My two youngest thought it funny to see how far they could get away from me before I noticed. It was dark outside and there were lots of people in an unfamiliar place. I was no longer willing to stay and let my kids push the boundaries for their safety. So we packed up and headed out.

As we were nearing the parking lot, my 4-year-old son, dressed in dark clothing, took off running into the poor-lit parking right towards an oncoming vehicle. I caught hold of him and told him that he would need to hold my hand or I would carry him. This highly stubborn child refused those two options and immediately tried to run off again.

I took hold of him and slung him over my shoulder like a sack of potatoes and set off towards the car, with the other kids trailing close behind me. My son fought me tooth and nail while screaming at me as loud as he could. He was ticked! And I was just as angry and frustrated. It was not easy holding on to a writhing anaconda-child so that he didn’t go crashing to the pavement! 

We eventually made it home and I got the kids to bed. My son was still so upset that I had forced him to be carried. As I tucked him into bed, he asked if I still loved him and why I tried to “choke” him by holding him so tightly. I explained that I had held on to him to keep him safe because I love him. I reassured him until he smiled and gave me a hug. But I still felt awful because I felt like that situation was a big, fat parenting fail.  

So, with the kids in bed, I took the time to evaluate how it had all gone. I had been learning about balanced power and the dynamics of anger, so this seemed a perfect moment to increase my understanding of the concept.

Was he wrong to feel angry? No. He was understandably upset at being restrained from what he wanted to do. However, he was completely ignoring a boundary meant to keep him from immediate danger. That wasn’t okay.

Was I wrong to feel angry? No. I was holding boundary lines to protect someone who doesn’t yet have the mental capacity and understanding of the situation to protect himself. Though I used force, I came to realize that it wasn’t an abuse of power because of the immediate danger and the responsibility I had as a parent in that moment. I did my best to make sure he learned something from the experience, but most importantly I assured him of my love.

I learned that it is balanced to protect those who cannot protect themselves or even those who ask for assistance. This isn’t a forcing of will upon another, but good heart-intention.

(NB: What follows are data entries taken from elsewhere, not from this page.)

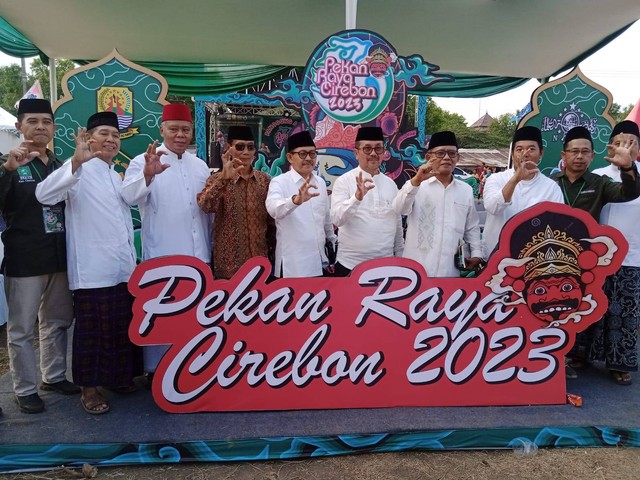 Bupati Cirebon, Imron, (tengah) foto bersama PCNU Kabupaten Cirebon usai membuka Pekan Raya Cirebon. Foto: Tarjoni/Ciremaitoday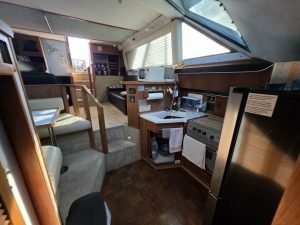 salon, Sea Ray, trawler for sale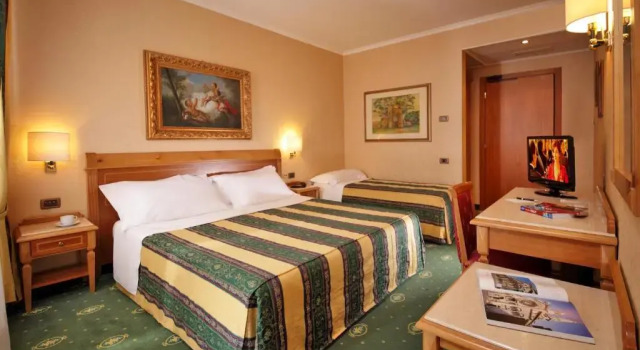 Четырёхместный номер Standard Colonna Hotel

On the other hand, if another person has the ability to protect themselves and does not want assistance, it isn’t my responsibility to do it for them. To intervene here would be imbalance, regardless of how much I care about them. My job is to give support and guidance that the person is willing to receive, and to let them learn and gain experience of their own in a shame-free environment. 




SELF-EVALUATION QUESTIONS:

 

When faced with making a choice, check in and ask:

1.      1. What do I desire to yield to?

2.      2. What do I desire to resist?

3.      3. What is my heart’s “yes” and “no?”

4.      4. Which is louder, my heart’s “yes” or my heart’s “no?” Why?

5.      5. Why is this my heart’s “yes”/”no”? (ask this until you get to the root reason that resonates with your heart, not your mind).

6.     6. Are my intentions balanced? Why or why not?

7.      7. If there is fear in my heart, what do I need to do to flip that fear into self-empowerment?

8.      8. Is there anyone in my space that I am neglecting, silencing, diminishing, or using on any level? What are my intentions behind how I treat this person?

9.      9. Am I choosing to be the vessel of someone else’s will because I feel obligation and/or guilt? What am I worried about that is repressing my power?


When you know the what and the why of your will, ask:

1.     1.  What am I accountable for?

2.    2.  What actions are my responsibility in order for me to move forward?

3.    3. What can I do to carry out my own will without pushing responsibility on anyone else?

4.    4. Do I have any expectations for others in regards to my will? If so, how do I let those expectations go?

5.    5. How do I move forward without fear or trying to control people and circumstances?

6.    6. Am I using my emotions, mind, or body in a way that pushes others to do what I want them to? If so, what can I do to move back to balance?

7.    7. If I empower myself, what am I capable of doing?


When you feel angry, check in to see where you are in your relationship with power.

1.     1.  Are you feeling angry because your boundaries are not being respected?

2.   2. Are you angry because others are not doing what you think they should be doing?

3.   3. Do you feel angry because of all the resentment built up inside from doing so much for others out of obligation?

4.   4. Are you angry because someone told you “no?”

5.   5. Do you feel angry because someone chose not to listen to you?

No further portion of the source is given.